= Work item =
The reply should hold nothing except the lines from the one with "9 Nottingham Court, Beerwah QLD 4519" through the end of the entries, duplicated exactly and with no pictures.

= Supplied records =
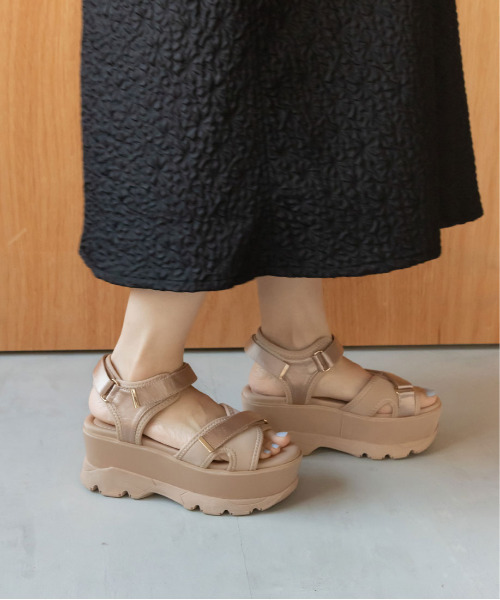 RANDA（ランダ）の「ボリュームソールスポーツサンダル（サンダル・レディース・ダークブラウン/ピンクベージュ/クリーム・LL/S/M/L）」の16枚目の写真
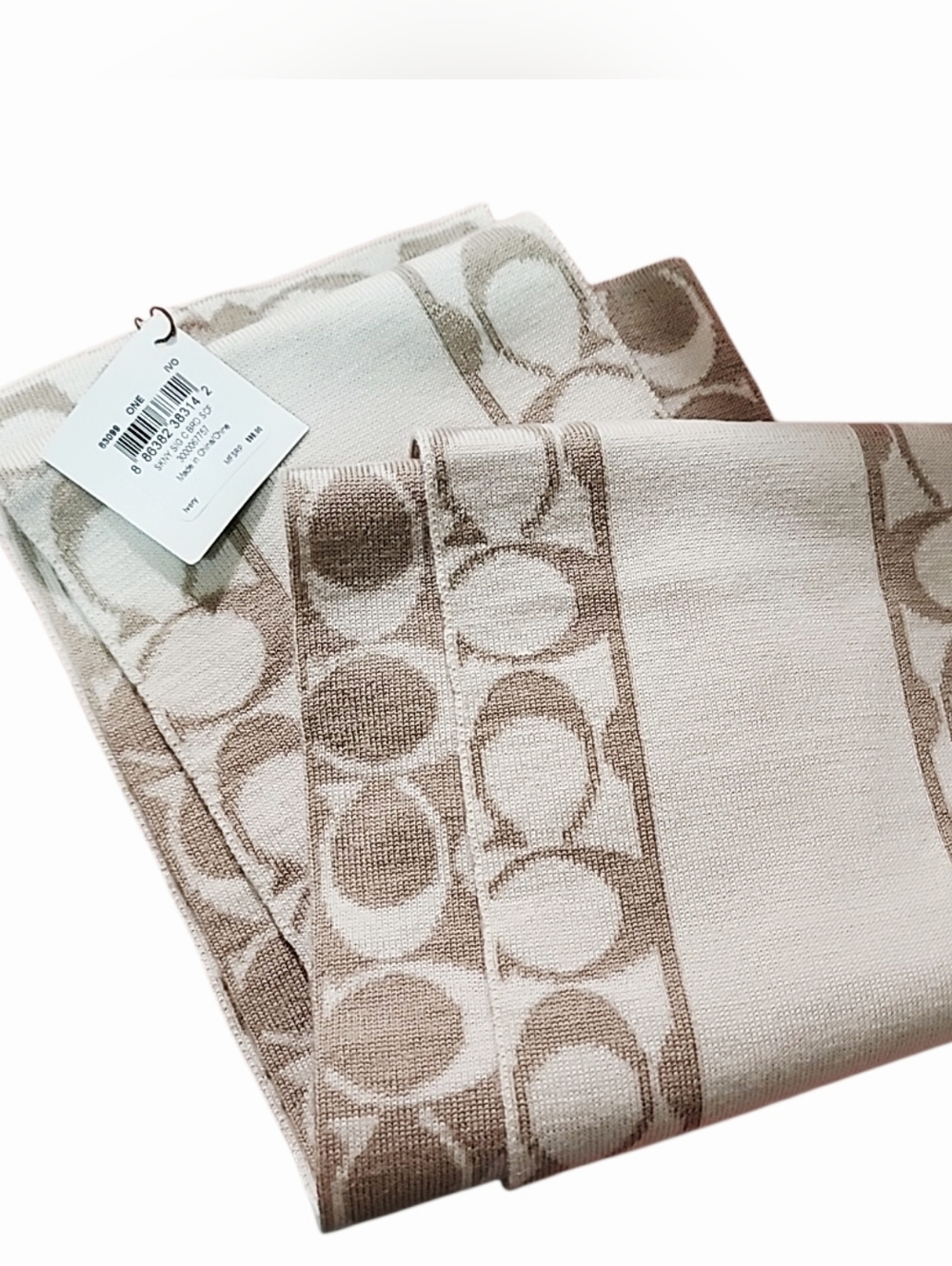 Coach Scarf, Cream Color. Nwt Authentic
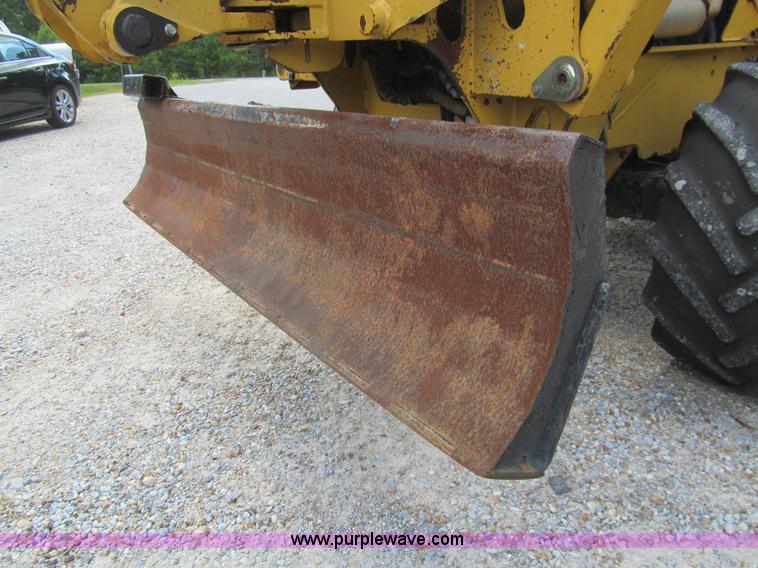 image for item H8872 2005 Vermeer RT650 trencher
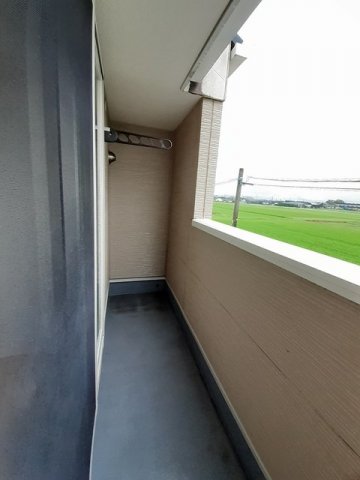 バルコニー　【グランツオーヴェルII】バルコニーがあります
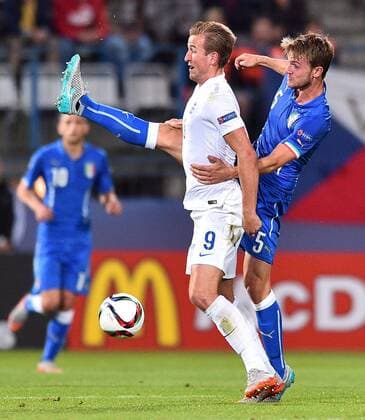 Aktuell Fußball, U21-EM, England - Italien 2015.06.24 OLOMOUC FOOTBALL UNDER 21 CHAMPIONSHIP CZECH REPUBLIC 2015 ENGLAND VS ITALY HARRY KANE Daniele Rugani 2015.06.24  20150624LUK054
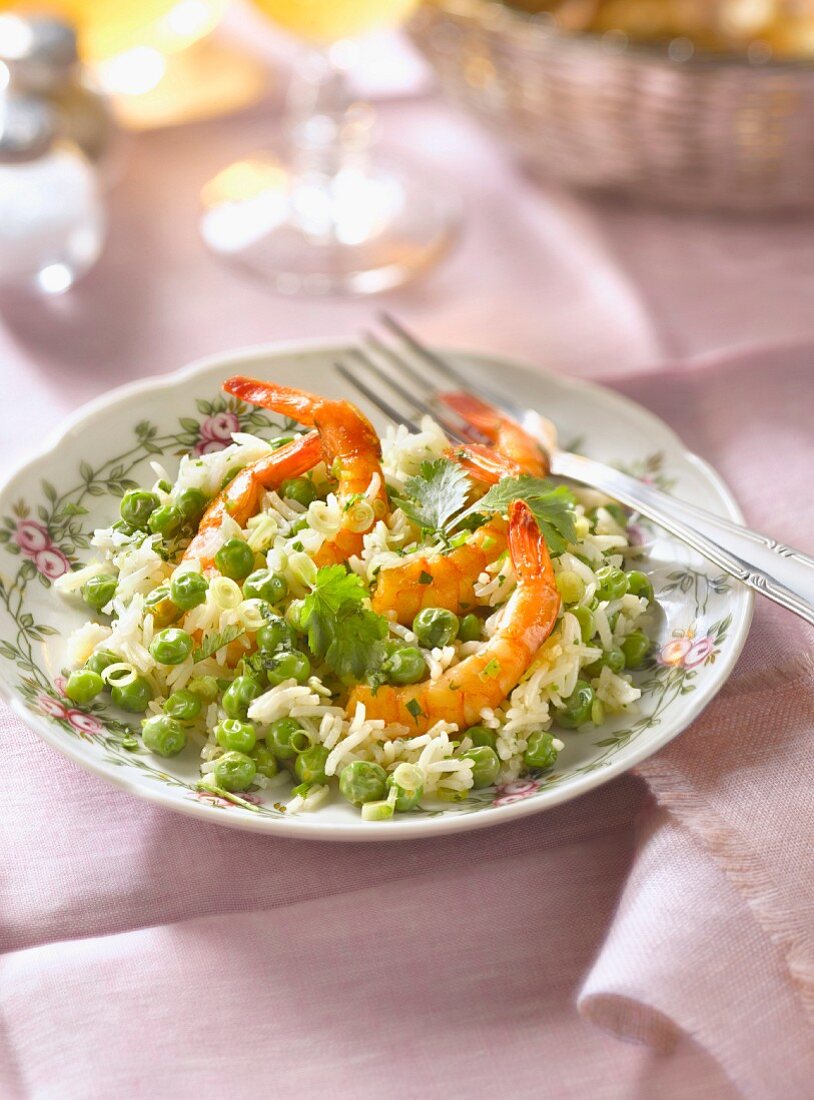 Sauteed rice with shrimps, peas, citronella, green pepper and cilantro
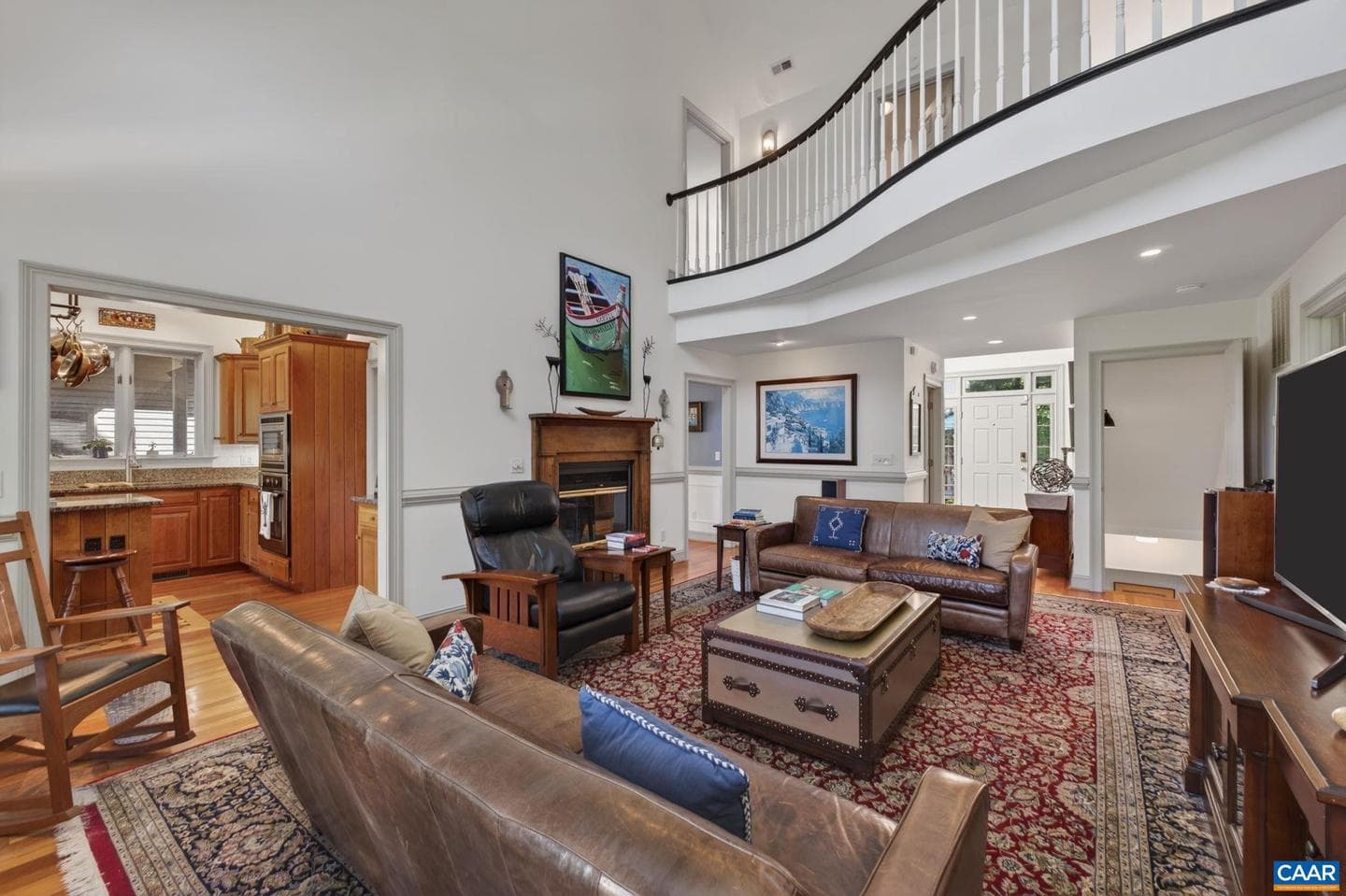 380 Ballenger Ln photo 15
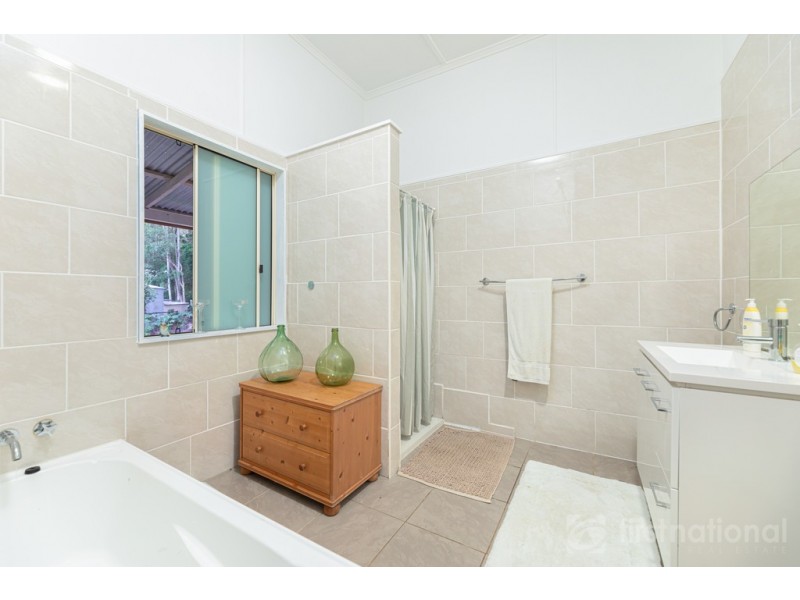 9 Nottingham Court, Beerwah QLD 4519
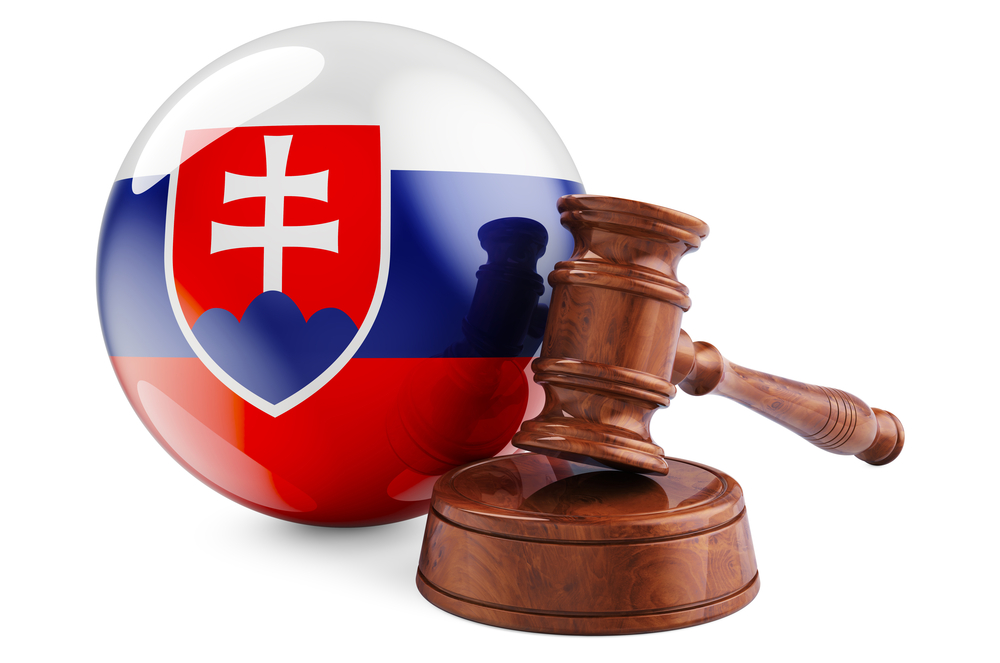 Nový zákon o Slovenské televizi a rozhlasu byl schválen vládou, nynější ředitel bude odvolán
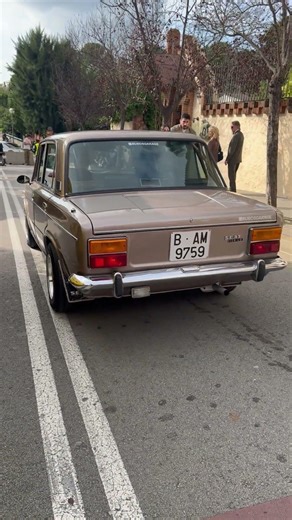 El coche SEAT 124 LS Clásico #coches #autos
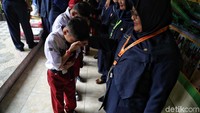 Anak-anak salim kepada para guru.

= Solution =
 9 Nottingham Court, Beerwah QLD 4519
 Nový zákon o Slovenské televizi a rozhlasu byl schválen vládou, nynější ředitel bude odvolán
 El coche SEAT 124 LS Clásico #coches #autos
 Anak-anak salim kepada para guru.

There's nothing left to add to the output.